# What this task involves
The output must consist only of the lines from the one with "Reiger tuinbeeld aan de waterkant geplaatst" through the end of the listing, restated exactly and free of pictures.

# Source material

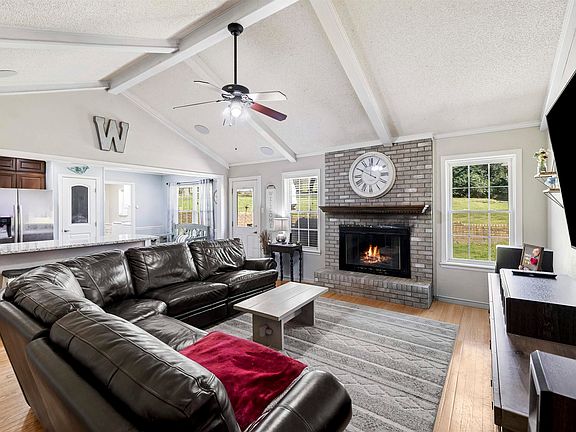 4th image of 10858 Knollwood Dr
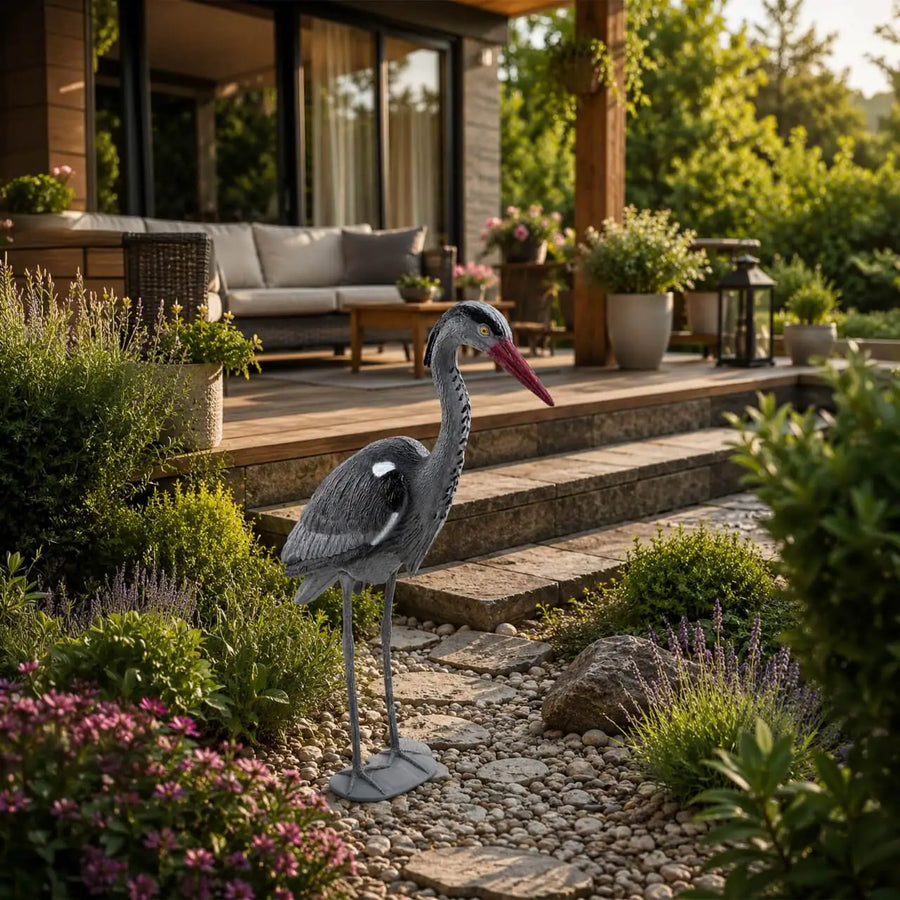 Reiger tuinbeeld aan de waterkant geplaatst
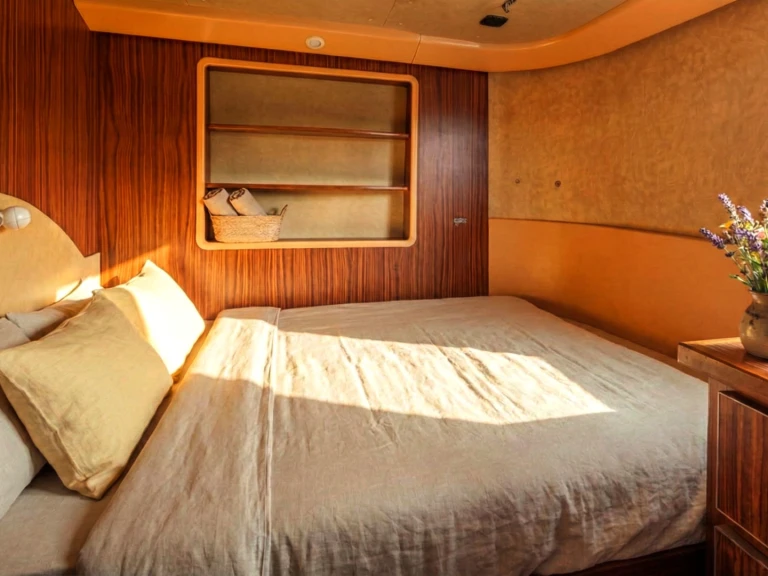 Houseboat rental with or without captain Pénichette Argens-Minervois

# Your response
 Reiger tuinbeeld aan de waterkant geplaatst
 Houseboat rental with or without captain Pénichette Argens-Minervois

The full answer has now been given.